CD11c+ DCs are essential for de novo induction of Foxp3 expression in CD4+ T cells. A total of 1 × 106 DO11×RAG2KO CD4+ splenic T cells was adoptively transferred i.v. into BALB/c (A) or CD11c-DTR-eGFP (B) recipients (DC sufficient or deficient) that were tolerized or not to inhaled OVA (n = 4–6 mice/group). Data shown are mean ± SEM and representative of three independent experiments. (C and D) OVA-tolerized DC-sufficient and DC-deficient CD11c-DTR-eGFP mice were immunized with OVA/CT and subsequently challenged with OVA. Twenty-four hours after the last challenge, various parameters of inflammation were analyzed (n = 3 or 4 mice/group). Data shown are mean ± SEM and are representative of two independent experiments. (D) Histological examination of lung sections stained with periodic acid–Schiff (original magnification ×20). Scale bar, 100 μm. **p<0.01, ***p< 0.005.

Next, when tested for the ability to mount tolerance by immunizing with OVA and CT (13, 14), DC-sufficient CD11c-DTR-eGFP mice showed signs of tolerance: the total cell numbers and numbers of granulocytes were low compared with nontolerized mice and were similar to the low numbers found in nonchallenged or naive mice (Fig. 1C).
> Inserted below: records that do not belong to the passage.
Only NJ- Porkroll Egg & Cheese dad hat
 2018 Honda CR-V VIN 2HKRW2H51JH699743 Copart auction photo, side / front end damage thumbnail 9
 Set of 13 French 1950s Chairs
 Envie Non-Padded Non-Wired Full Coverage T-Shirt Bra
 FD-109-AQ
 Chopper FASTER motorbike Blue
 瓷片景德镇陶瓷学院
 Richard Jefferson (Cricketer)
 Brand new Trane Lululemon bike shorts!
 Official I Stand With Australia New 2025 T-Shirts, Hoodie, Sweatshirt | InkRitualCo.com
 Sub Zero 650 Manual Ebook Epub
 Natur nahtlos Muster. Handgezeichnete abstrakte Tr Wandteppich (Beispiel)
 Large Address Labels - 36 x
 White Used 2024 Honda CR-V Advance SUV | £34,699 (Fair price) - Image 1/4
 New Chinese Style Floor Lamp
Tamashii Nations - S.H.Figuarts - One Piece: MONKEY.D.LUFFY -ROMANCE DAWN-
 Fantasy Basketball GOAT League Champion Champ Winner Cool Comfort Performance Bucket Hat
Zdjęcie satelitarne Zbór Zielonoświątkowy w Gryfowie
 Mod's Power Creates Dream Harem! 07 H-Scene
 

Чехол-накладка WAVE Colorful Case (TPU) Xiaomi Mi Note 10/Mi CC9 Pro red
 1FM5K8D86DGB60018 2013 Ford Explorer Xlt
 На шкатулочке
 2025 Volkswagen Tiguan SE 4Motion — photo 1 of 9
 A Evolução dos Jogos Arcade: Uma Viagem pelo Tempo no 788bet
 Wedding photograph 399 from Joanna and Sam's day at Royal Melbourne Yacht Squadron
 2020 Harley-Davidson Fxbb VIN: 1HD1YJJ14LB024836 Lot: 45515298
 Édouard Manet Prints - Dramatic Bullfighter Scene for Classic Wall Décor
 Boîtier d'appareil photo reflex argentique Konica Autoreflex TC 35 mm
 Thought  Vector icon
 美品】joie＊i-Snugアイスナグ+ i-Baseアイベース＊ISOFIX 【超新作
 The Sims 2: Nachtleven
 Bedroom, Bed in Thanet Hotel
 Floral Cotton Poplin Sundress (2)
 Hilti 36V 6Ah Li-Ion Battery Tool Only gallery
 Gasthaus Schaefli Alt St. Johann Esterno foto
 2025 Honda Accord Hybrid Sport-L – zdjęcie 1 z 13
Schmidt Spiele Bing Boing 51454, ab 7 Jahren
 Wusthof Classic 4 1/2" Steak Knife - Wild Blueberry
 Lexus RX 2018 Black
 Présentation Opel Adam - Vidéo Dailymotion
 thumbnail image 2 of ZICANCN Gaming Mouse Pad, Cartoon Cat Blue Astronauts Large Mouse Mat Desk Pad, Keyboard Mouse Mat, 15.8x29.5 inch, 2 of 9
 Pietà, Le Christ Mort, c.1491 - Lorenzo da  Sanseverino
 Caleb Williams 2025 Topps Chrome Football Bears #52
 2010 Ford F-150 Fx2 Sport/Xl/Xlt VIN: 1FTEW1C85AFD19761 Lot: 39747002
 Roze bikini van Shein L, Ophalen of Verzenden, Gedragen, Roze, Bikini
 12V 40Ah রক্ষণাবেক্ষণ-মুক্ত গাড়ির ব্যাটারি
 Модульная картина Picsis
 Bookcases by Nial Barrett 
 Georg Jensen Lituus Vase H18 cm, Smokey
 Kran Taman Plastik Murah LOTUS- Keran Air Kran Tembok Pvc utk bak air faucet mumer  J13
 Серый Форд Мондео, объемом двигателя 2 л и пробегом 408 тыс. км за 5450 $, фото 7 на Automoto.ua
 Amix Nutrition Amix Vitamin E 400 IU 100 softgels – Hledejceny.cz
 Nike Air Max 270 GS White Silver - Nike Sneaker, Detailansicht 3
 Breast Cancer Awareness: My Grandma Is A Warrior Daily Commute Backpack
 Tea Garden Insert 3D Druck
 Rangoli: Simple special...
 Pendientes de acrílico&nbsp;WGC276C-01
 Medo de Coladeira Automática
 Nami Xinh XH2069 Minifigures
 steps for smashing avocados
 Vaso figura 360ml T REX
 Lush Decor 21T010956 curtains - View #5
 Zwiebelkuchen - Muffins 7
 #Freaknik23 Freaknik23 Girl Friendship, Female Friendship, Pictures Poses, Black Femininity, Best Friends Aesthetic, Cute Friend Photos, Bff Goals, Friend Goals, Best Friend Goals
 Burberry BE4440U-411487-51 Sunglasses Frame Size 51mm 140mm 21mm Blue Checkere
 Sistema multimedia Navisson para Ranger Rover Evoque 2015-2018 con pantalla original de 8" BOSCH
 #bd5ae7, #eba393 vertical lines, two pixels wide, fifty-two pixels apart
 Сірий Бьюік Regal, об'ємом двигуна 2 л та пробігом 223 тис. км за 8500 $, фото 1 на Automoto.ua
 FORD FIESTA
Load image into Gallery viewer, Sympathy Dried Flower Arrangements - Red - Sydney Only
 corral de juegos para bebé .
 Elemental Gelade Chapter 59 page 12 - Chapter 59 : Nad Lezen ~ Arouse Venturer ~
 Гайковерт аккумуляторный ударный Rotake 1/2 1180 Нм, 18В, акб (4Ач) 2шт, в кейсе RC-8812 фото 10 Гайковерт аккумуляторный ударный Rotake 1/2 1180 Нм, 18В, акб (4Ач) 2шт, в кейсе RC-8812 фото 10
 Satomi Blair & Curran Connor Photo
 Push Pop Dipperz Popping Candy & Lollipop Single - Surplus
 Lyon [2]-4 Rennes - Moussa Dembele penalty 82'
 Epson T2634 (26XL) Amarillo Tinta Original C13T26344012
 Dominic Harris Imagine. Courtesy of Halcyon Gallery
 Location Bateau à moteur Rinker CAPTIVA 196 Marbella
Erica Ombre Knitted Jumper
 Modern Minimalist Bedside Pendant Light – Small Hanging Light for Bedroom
However, the DC-depleted mice failed tolerization, as evident upon sampling bronchoalveolar lavage fluid (BALF) (Fig. 1C) and examining lung histology (Fig. 1D).

De novo Foxp3 expression in CD4+ T cells depends on CD103+ DCs and not plasmacytoid DCs

The pulmonary CD11c+ population is heterogeneous and has been divided into different subsets based on the expression of specific cell surface molecules and anatomical location within the airways and the lung parenchyma (15). The four well-characterized respiratory DCs are CD11clo MHCIIlo B220 plasmacytoid DCs (pDCs), CD11c+MHCIIhiCD103+ DCs, CD11c+CD11b+MHCIIhi DCs, and CD11c+CD11b+MHCIIlo monocytic resident DCs (MoRDCs) (16) (Supplemental Fig. 2A). To identify which resident DCs are responsible for inducing Foxp3 expression in CD4+ T cells in our model of tolerance, we first examined DC populations in the lungs of DC-sufficient and DC-deficient mice. CD103+ DCs were completely depleted by DT treatment, whereas the frequency of CD11b+MHCIIhi DCs was reduced (Fig. 2A). In contrast, the number of pDCs and MoRDCs increased 20- and 4-fold, respectively, upon DT treatment (Fig. 2A). Because DT treatment abolished tolerance induction, these results suggested that pDCs are not involved in de novo Foxp3 induction in CD4+ T cells during tolerization, and the other subsets also were not efficient in Foxp3 induction in CD4+ T cells. Given that both pDCs and CD103+ DCs have been associated with tolerance in the gut, we further examined ex vivo the ability of sorted DC populations (Supplemental Fig. 2B) to induce Foxp3 in naive CD4+ T cells. In agreement with the results of the in vivo data, pDCs were totally incapable of inducing Foxp3 in naive CD4+ T cells, whereas CD103+ DCs displayed this ability (Fig. 2B). MoRDCs and CD11b+MHCIIhi DCs were also deficient in inducing Foxp3 like pDCs (data not shown), as were lung macrophages (Fig. 2B).

FIGURE 2.
FIGURE 2.

De novo Foxp3 expression in CD4+ T cells and airway tolerance depend on CD103+ DCs and not pDCs. (A) Representative flow cytometry data (left panel) and numbers (right panel) of various DC subsets in the lungs of CD11c-DTR-eGFP mice (with or without DT). (B) Sorted lung CD11c+ macrophages, pDCs, and CD103+ DCs from OVA-tolerized mice were cocultured with Treg-depleted CD4+ KJ1-26+ splenic T cells in the presence of OVA peptide. Representative flow cytometry data (left panel) and average frequency of KJ1-26+ Foxp3+ CD4+ T cells (right panel) induced by each cell subset. (C) DC–T cell coculture assay was repeated with CD103+ lung DCs sorted from naive, OVA-tolerized (OVA Tol) and OVA/CT-sensitized (OVA/CT) mice. Representative flow cytometry analysis (left panel) and average frequency (right panel) of Foxp3+ cells induced by CD103+ DCs from the respective conditions. (D) Number of CD103+ DCs in lung-draining LNs of naive and OVA Tol mice (n = 3). (E) MHCII, CD80, and CD86 expression on CD103+ DCs from lungs and LNs of naive (black), OVA Tol (red), and OVA/CT (blue) mice. Numbers shown represent median fluorescence intensities. Data shown are mean ± SEM and are representative of three (B, C) or two (D, E) independent experiments. *p< 0.05, ***p< 0.005, ****p< 0.001.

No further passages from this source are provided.